Start of Data records

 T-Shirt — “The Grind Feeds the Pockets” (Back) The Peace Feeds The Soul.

End of Data records
Start of Data records

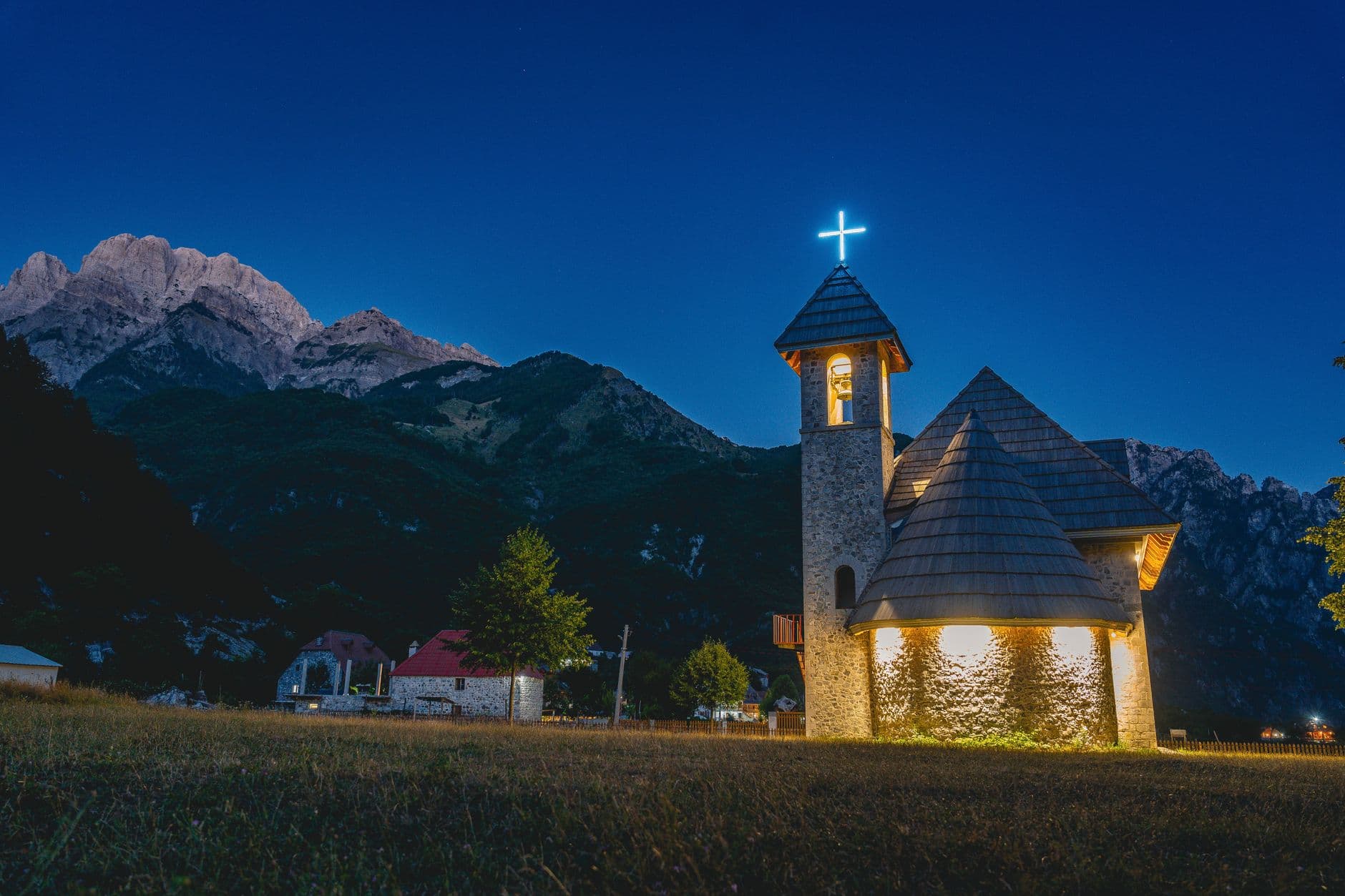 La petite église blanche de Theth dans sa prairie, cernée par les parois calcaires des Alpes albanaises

End of Data records
Start of Data records

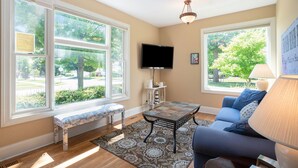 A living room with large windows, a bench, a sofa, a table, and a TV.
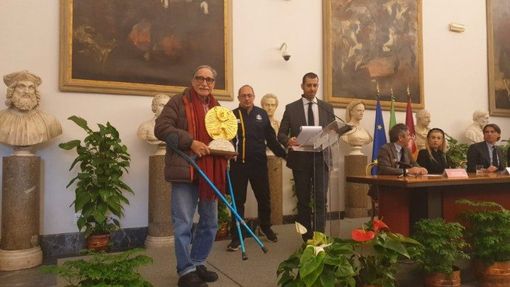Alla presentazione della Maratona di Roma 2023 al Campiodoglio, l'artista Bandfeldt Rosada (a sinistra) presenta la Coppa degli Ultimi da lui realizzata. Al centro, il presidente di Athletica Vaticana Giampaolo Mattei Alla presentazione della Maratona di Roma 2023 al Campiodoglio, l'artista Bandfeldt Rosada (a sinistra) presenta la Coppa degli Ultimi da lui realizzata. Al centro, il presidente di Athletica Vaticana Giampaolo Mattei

End of Data records

### Instructions for the task
The response must repeat exactly the lines above from the one with "A living room" through the one with "Giampaolo Mattei Alla", including both, and must contain no pictures and no other text.

### Finished task
 A living room with large windows, a bench, a sofa, a table, and a TV.
Alla presentazione della Maratona di Roma 2023 al Campiodoglio, l'artista Bandfeldt Rosada (a sinistra) presenta la Coppa degli Ultimi da lui realizzata. Al centro, il presidente di Athletica Vaticana Giampaolo Mattei Alla presentazione della Maratona di Roma 2023 al Campiodoglio, l'artista Bandfeldt Rosada (a sinistra) presenta la Coppa degli Ultimi da lui realizzata. Al centro, il presidente di Athletica Vaticana Giampaolo Mattei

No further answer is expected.